123 Fifthly, the applicant had requested that the Commissioner hold a hearing in relation to her matter under s 43A(1) of the Privacy Act. Section 43A(1) provides that an "interested party" as defined in the Act may request a hearing before the Commissioner makes a determination under s 52 of the Privacy Act in relation to the investigation. However, the Commissioner found that the applicant was not an interested party because no investigation had been opened into her allegations under s 40(1) of the Privacy Act. As such, the Commissioner correctly found that s 43A(1) did not apply and he was therefore not under any obligation to afford the applicant a hearing.

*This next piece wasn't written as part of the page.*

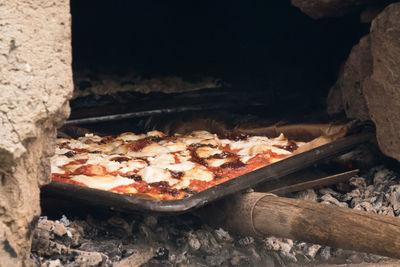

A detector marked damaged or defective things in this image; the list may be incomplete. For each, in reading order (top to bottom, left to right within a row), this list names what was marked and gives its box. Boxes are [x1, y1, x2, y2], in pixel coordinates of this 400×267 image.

charred topping [149, 181, 180, 198]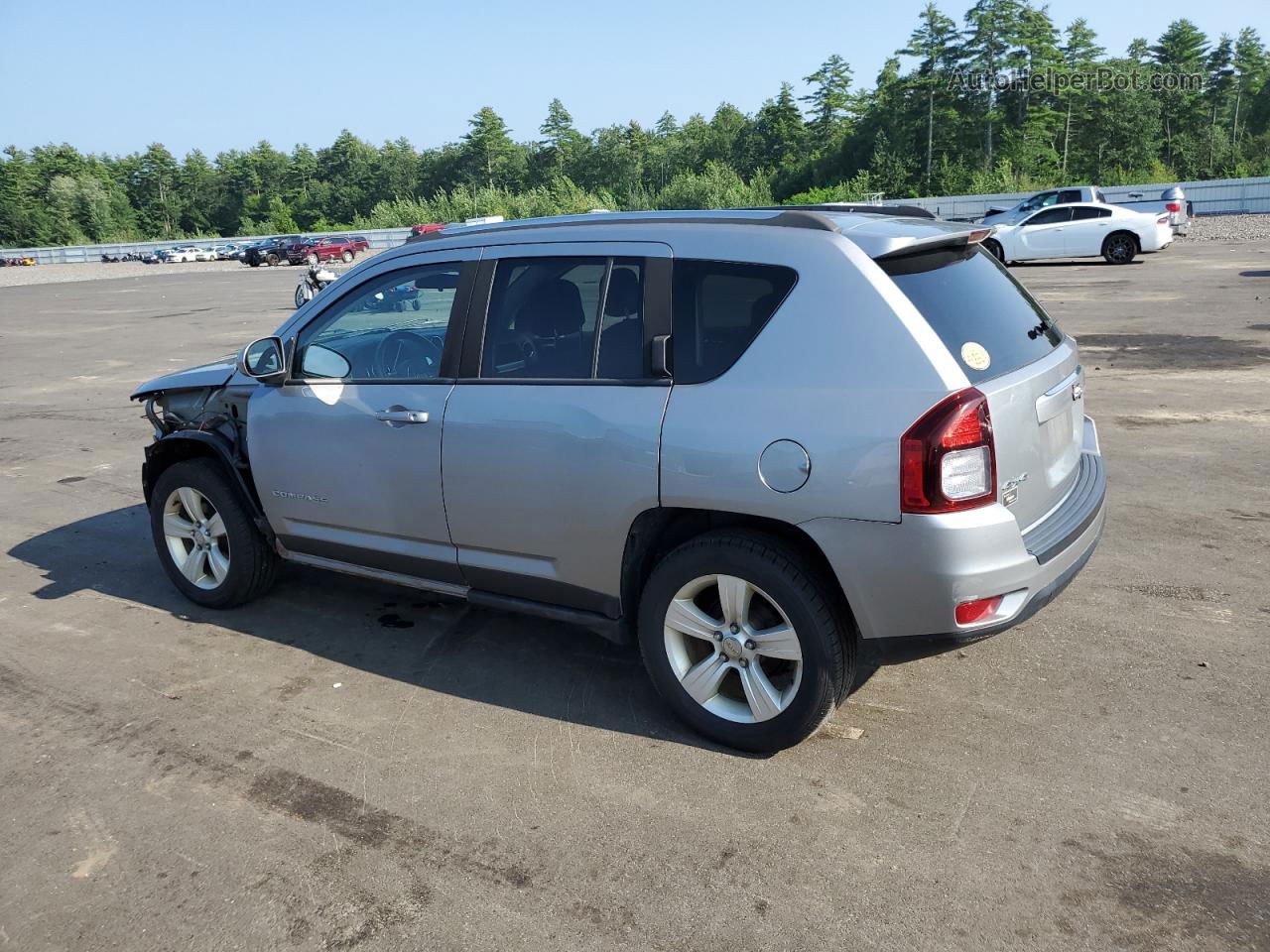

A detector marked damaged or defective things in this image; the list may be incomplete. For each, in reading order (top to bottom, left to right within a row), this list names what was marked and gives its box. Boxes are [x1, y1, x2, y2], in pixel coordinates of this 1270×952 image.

exposed wheel well [617, 510, 853, 637]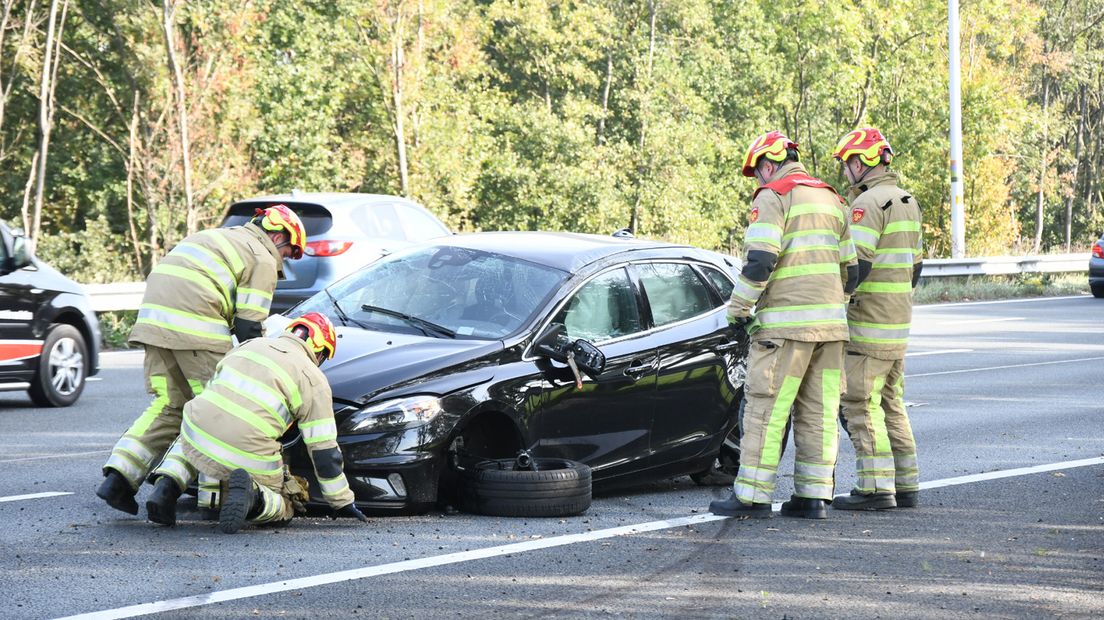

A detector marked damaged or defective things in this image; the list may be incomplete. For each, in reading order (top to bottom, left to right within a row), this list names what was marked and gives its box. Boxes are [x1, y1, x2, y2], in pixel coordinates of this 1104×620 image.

124 Finally the remaining grounds alleged against the Commissioner are unintelligible, unparticularised, and fail to specify the nature of the errors allegedly committed by the Commissioner. As the Commissioner submitted, they rise no higher than bare assertion. Nor were these grounds elaborated upon in oral or written submissions. In those circumstances, they must be dismissed: WZAVW v Minister for Immigration and Border Protection [2016] FCA 760 at [35] (Gilmour J) (applying WZATH v Minister for Immigration and Border Protection [2014] FCCA 612 at [60] (Judge Lucev) and upheld in WZATH v Minister for Immigration and Border Protection [2014] FCA 969 (Siopis J)). In this regard, it is important to emphasise that the onus would lie upon the applicant to demonstrate jurisdictional error if the matter were to proceed to trial: Plaintiff M64/2015 v Minister for Immigration and Border Protection [2015] HCA 50; (2015) 258 CLR 173 at [24] (French CJ, Bell, Keane and Gordon JJ). As such, the bare assertion of a reviewable error under the ADJR Act or jurisdictional error plainly cannot shift the onus to the respondents to disprove them.